Glen Scotia could be named ‘that other one’ from Campbeltown. Because when discussing Campbeltown whisky, there’s usually only one name that really excites whisky drinkers, which is of course Springbank. That has changed a bit now with Glengyle in the mix, but Springbank is the classic Campbeltown malt.
That doesn’t mean that Glen Scotia isn’t capable of producing some excellent whisky. Their distillery bottlings aren’t held in high regard, but there are some single casks out there that are simply fantastic. Case in point. Today I review a Glen Scotia from a couple of years ago. One that has matured in a sherry hogshead and was bottled by Malts of Scotland, an indie bottler with a very good reputation.

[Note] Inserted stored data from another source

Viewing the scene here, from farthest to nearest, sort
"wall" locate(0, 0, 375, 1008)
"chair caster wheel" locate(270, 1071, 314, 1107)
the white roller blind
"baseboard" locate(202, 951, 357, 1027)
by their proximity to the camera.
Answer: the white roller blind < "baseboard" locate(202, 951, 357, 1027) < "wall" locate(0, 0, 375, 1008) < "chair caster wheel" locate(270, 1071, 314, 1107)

Glen Scotia 1992/2012 (51,9%, Malts of Scotland, C#12031)
Nose: A hint of smoke and peat. Some burnt wood and ashes. Also a sulphury element. Metal, rust and wet rocks. After my nose is used to these rougher aromas, some oranges appear. It also has a barbecue-esque quality, very meaty and nutty. Then some more sherry notes in the form of dark red fruit, leather and black berries. Taste: More peat and ash, but also some earthy flavours. Again dark red fruit, but also a more spicy side. Nutmeg and aniseed. The palate is a bit too dry and woody. Finish: Again ashes. Mostly bitter and very long.
An excellent nose, but what follows is less enjoyable. If I’d judge on the aromas alone, this Glen Scotia would’ve scored in the high eighties. Disclaimer: I am somewhat sensitive to peat, so I suspect most people would get more sherry notes out of this one.